CPU (cpu), memory (mem_mb) settings are used for submitting jobs to cluster engines (SGE and SLURM) and Cloud platforms (Google Cloud Platform, AWS, ...). VM instance type on cloud platforms will be automatically chosen according to each task's cpu and mem_mb. Number of cores for tasks without cpu parameter is fixed at 1.

  • "chip.merge_fastq.cpu" : (optional) umber of cores for merge_fastq (default: 2).
  • "chip.bwa.cpu" : (optional) Number of cores for bwa (default: 4).
  • "chip.filter.cpu" : (optional) Number of cores for filter (default: 2).
  • "chip.bam2ta.cpu" : (optional) Number of cores for bam2ta (default: 2).
  • "chip.xcor.cpu" : (optional) Number of cores for xcor (default: 2).
  • "chip.trim_adapter.mem_mb" : (optional) Max. memory limit in MB for trim_adapter (default: 10000).
  • "chip.bwa.mem_mb" : (optional) Max. memory limit in MB for bwa (default: 20000).
  • "chip.filter.mem_mb" : (optional) Max. memory limit in MB for filter (default: 20000).
  • "chip.bam2ta.mem_mb" : (optional) Max. memory limit in MB for bam2ta (default: 10000).
  • "chip.spr.mem_mb" : (optional) Max. memory limit in MB for spr (default: 12000).
  • "chip.xcor.mem_mb" : (optional) Max. memory limit in MB for xcor (default: 10000).
  • "chip.macs2_mem_mb" : (optional) Max. memory limit in MB for macs2 (default: 16000).

Disks (disks) is used for Cloud platforms (Google Cloud Platforms, AWS, ...).

  • "chip.merge_fastq.disks" : (optional) Disks for merge_fastq (default: "local-disk 100 HDD").
  • "chip.bwa.disks" : (optional) Disks for bwa (default: "local-disk 100 HDD").
  • "chip.filter.disks" : (optional) Disks for filter (default: "local-disk 100 HDD").
  • "chip.bam2ta.disks" : (optional) Disks for bam2ta (default: "local-disk 100 HDD").
  • "chip.xcor.disks" : (optional) Disks for xcor (default: "local-disk 100 HDD").
  • "chip.macs2_disks" : (optional) Disks for macs2 (default: "local-disk 100 HDD").

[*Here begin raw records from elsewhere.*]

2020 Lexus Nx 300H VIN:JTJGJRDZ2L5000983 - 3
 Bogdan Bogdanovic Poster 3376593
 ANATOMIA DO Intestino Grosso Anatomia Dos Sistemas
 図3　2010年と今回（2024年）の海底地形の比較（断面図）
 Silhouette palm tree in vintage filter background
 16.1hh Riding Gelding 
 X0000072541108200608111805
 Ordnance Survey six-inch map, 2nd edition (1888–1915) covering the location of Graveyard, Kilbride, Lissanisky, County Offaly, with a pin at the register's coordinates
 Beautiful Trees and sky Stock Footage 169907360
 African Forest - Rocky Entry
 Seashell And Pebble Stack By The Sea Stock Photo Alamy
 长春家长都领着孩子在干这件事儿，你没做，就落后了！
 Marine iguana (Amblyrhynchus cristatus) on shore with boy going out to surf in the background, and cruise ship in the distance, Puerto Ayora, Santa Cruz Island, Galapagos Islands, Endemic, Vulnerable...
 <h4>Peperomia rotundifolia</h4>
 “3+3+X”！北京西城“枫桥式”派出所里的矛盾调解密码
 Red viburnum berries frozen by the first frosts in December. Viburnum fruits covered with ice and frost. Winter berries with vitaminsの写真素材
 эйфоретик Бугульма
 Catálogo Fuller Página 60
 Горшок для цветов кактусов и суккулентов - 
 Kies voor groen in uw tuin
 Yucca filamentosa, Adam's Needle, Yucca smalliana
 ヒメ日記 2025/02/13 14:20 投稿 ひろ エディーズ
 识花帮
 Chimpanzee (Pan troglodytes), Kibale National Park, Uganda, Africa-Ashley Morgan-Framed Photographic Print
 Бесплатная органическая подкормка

Walltime (time) settings (for SGE and SLURM only).

  • "chip.merge_fastq.time_hr" : (optional) Walltime for merge_fastq (default: 6).
  • "chip.bwa.time_hr" : (optional) Walltime for bwa (default: 48).
  • "chip.filter.time_hr" : (optional) Walltime for filter (default: 24).
  • "chip.bam2ta.time_hr" : (optional) Walltime for bam2ta (default: 6).
  • "chip.xcor.time_hr" : (optional) Walltime for xcor (default: 6).
  • "chip.macs2_time_hr" : (optional) Walltime for macs2 (default: 24).